So I will be paying for $45955+ (basically $42355 + $3600 tax because of the 8.5% tax rate :mad: )
Is it a good deal?
Thanks for reading and suggestion are strongly welcome.
Saying that the new '06 BMW 3 series cars are a great deal at MSRP (I'll give you credit that certain E90s come with more standard equipment along with the more powerful engines for pretty much the same price as their E46 counterparts) is an insult to our intelligence. I'm sure at whatever dealership (sorry, Authorized BMW Center) you work at sells a ton of BMWs, especially in SoCal (9th best selling car in the State of California is a BMW 3 series) where many people want to be the first on the block to have the latest and greatest. You must be a bright guy and realize that you're dealing with a different crowd here on the Internet. Obviously the laws of supply and demand supercede the fact that we have the invoice pricing at our disposal.
I do credit you with the fact that you haven't mentioned what dealership you work for and have abided by TH rules and have not tried to solicit business for yourself (or your dealership).
Maybe you can help the board out by saying, hey...$1500 off MSRP is a great deal, we've had X number of E90 3 series come in and they're out the door before we can pull them off the truck. We're selling them at MSRP and not a penny less.
I hope you take this as constructive criticisim and not a personal insult. I think it is great (and smart) that a dealer monitors our chat.
2001 Prelude Type SH, 2022 Highlander XLE AWD, 2025 Camry SE AWD
Getting ready to close a deal on a 330 with 330 miles on it, steptronic convenience package and silvet ti. Need some advice as I smell something here:
Was told no money down, 39 months, 45000 miles, $559 w/o tax.
I get the contract in the mail and it has:
$907 capitalized Cost reduction
$126.98 sales tax on Cap cost
$603 first month payment
no security deposit
$200 Title
A)Gross Capitialized Cost: 39480 but line item under A reads 40175.13?
B)Adjusted Capitalized Cost: 38268.13
C)Residual: 22150.80
D)Depreciation: 17,117.33
E)Rent Charge: 4671.19
Then they tell me the bank they are using does not offer a standard 39 month lease so I will only get 13,846 miles per year?
Advice? Should I not be leasing a "used" one? I thought it would help the price but it seems not to!
2006 325i 24month/12k MSRP: $38.040 - Negotiated: $36,410
$468 Per Month (Excluding Tax - Tax is included below in upfront payment)
$1600 Down
$900 Bank Fee (acquisition fee?)
$1185 Tax (NY Tax 8.25% (Includes tax on all payments and money down)
$468 First Month
$500 Security Deposit (Refundable)
$155 Motor Vehicle (Plates Tags?)
$12.50 Tire Fee
$189 Vin Etch
Total: $5010
$1500 off is great. I'm not insulting anyone's intelligence. These are just business transactions and there is never any reason to take it personally. I realize that on the internet many times we're dealing with clients that are most concerned about the final few hundred of a 30 to 90 thousand dollar transaction. That's no problem. Being on this end I can tell you that once people take delivery of a BMW there is very, very little concern about what the dealer made or if they got a "good deal". They're just loving their 'bimmers.

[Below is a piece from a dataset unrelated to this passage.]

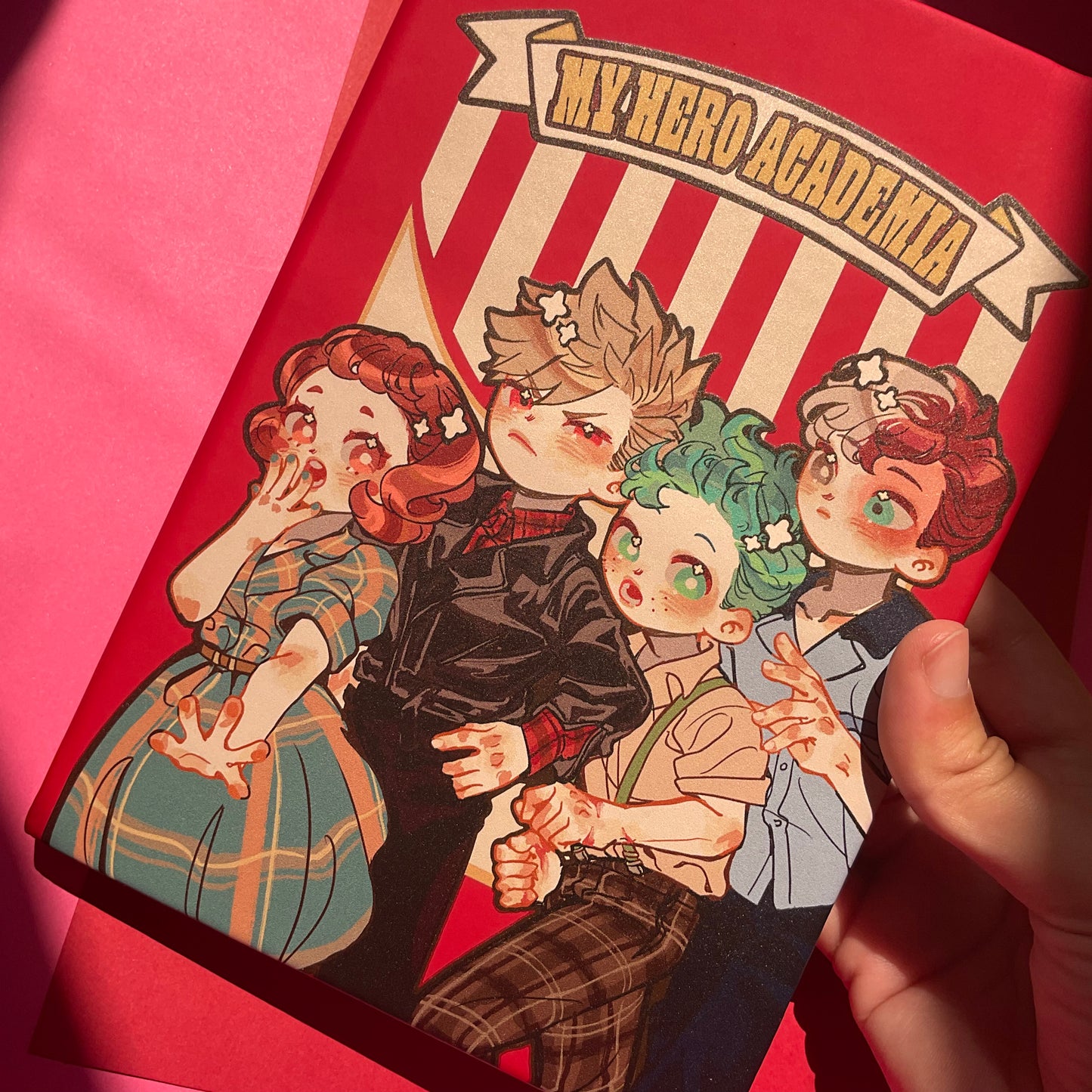 Hero journal book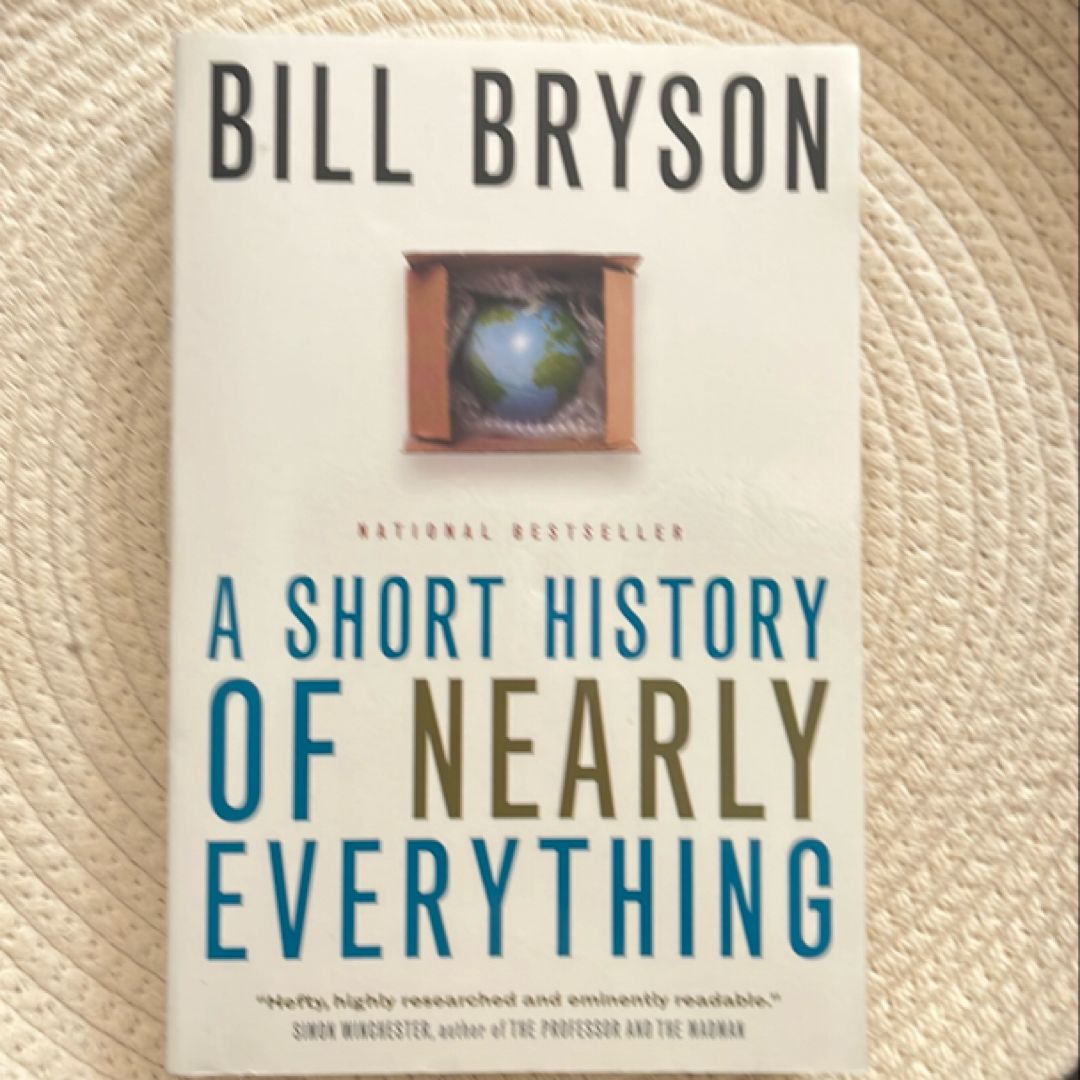 A Short History of Nearly Everything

Sometimes, I wonder if a lot of these people chatting are really buying anything at all. For instance, if you're getting 2 grand off of merchandise as hot as the new 3, with a track record as bullet proof as the 3 and you have to ask and wonder if you're getting a good deal then you have to question.
First and foremost, I recommend a 36 month lease instead of 24, unless your company is paying for it. A 36 month lease will bring your monthly payments down.
Secondly never put more than $2000 down on a lease. If your car is stolen, your insurance will not pay for your downpayment. Remaining owned on the car will be payed to the dealer only.
The $900 bank fee seems flaky
The etching fee is also flaky. Those are just padded numbers.
Take your own time to shop around.
Use this formula to work out lease deals:
Monthly Depreciation Fee: (Negotiated price - Residual)/Lease term(months) =?
Monthly finance charge: (negotiated price + Residual) * Money factor=?
Sales Tax per month: (Monthly depreciation fee+Monthly finance charge)*8.25% =?
Total monthly payments : Monthly depreciation fee + Monthly finance charge + Monthly Sales tax=?
I am not sure what the residuals are on the new ones. It's probably close to 60%. The residual comes of the MSRP, not the negotiated price. The money factor should be 0.00255(multiply this with 2400 to get the interest rates). Plug in all these numbers in the formula.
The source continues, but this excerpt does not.